- **Collected material**:
Start of Block
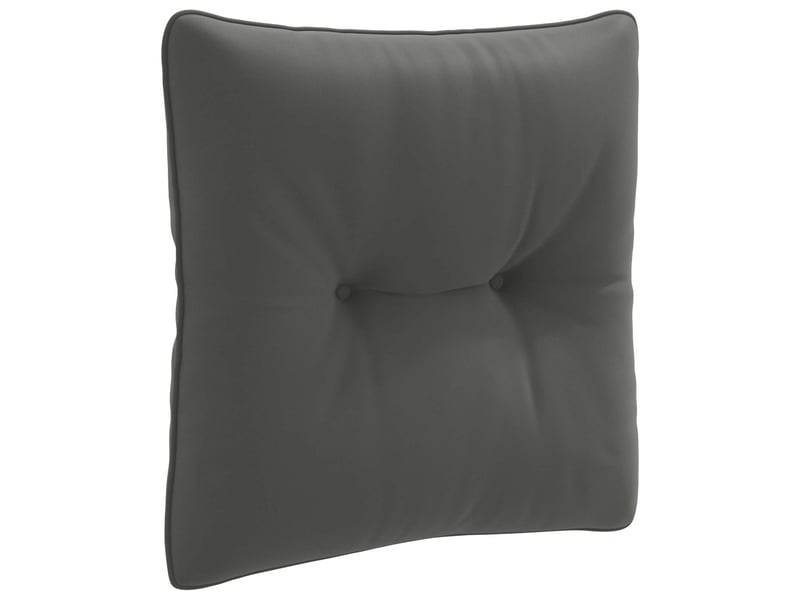  Coussin de dos, coussin de dossier putten 100 % polyester anthracite cf54858  - Conforama A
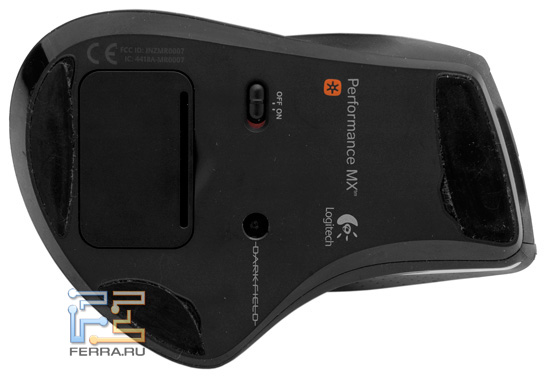 Logitech Performance MX - ������ ����� ����� (�����������, ������, ���������� ����� � ��������� �����)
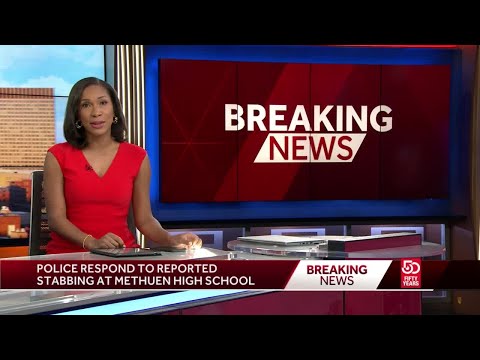 Officials respond to report of stabbing at Methuen High School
End of Block
- **Exercise requirements**: I need the lines from the line containing "Logitech Performance MX" through the final line of the listing duplicated exactly, both ends included, with no pictures and nothing else.

- **Expected answer**:
 Logitech Performance MX - ������ ����� ����� (�����������, ������, ���������� ����� � ��������� �����)
 Officials respond to report of stabbing at Methuen High School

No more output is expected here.